(TRY IT)
Within the material below, locate the line with "Kitchen with open" and the line with "Red christmas ball on shiny blur background Red", then return those two lines and all lines between them, exactly as written.
★ ★ ★ ★ ★ ★ ★
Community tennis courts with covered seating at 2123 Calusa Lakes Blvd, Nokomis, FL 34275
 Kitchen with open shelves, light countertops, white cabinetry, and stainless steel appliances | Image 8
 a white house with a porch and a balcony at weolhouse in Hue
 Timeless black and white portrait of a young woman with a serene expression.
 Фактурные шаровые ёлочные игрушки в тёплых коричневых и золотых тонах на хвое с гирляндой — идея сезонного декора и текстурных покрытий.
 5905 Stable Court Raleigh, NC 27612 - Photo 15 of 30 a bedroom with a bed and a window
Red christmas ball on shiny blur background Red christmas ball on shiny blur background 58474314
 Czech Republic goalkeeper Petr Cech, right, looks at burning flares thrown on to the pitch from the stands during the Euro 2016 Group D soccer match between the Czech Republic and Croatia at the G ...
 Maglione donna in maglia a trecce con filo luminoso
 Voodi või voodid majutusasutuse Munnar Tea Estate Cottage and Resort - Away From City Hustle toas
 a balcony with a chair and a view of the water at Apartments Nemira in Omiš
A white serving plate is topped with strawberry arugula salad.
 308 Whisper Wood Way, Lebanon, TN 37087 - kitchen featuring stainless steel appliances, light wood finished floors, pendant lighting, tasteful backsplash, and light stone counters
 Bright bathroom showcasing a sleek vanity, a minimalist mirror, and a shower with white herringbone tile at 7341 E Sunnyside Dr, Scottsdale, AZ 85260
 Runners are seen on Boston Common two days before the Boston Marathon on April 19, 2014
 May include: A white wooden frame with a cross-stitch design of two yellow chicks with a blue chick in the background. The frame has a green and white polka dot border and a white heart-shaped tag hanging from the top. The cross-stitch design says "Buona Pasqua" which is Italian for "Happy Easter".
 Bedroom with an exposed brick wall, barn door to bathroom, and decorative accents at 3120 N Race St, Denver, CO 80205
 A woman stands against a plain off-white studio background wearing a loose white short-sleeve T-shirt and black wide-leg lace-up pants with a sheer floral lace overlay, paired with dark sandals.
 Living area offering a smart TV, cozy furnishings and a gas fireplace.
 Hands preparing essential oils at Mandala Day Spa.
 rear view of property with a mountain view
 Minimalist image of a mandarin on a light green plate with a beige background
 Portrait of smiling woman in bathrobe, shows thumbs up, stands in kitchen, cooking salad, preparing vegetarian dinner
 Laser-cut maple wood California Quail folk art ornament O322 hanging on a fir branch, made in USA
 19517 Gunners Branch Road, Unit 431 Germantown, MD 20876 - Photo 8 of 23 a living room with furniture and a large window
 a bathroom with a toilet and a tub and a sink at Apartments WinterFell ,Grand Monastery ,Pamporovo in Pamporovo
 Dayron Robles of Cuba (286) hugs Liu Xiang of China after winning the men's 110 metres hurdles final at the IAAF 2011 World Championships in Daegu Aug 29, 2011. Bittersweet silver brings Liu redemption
★ ★ ★ ★ ★ ★ ★
(ANSWER SECTION)
 Kitchen with open shelves, light countertops, white cabinetry, and stainless steel appliances | Image 8
 a white house with a porch and a balcony at weolhouse in Hue
 Timeless black and white portrait of a young woman with a serene expression.
 Фактурные шаровые ёлочные игрушки в тёплых коричневых и золотых тонах на хвое с гирляндой — идея сезонного декора и текстурных покрытий.
 5905 Stable Court Raleigh, NC 27612 - Photo 15 of 30 a bedroom with a bed and a window
Red christmas ball on shiny blur background Red christmas ball on shiny blur background 58474314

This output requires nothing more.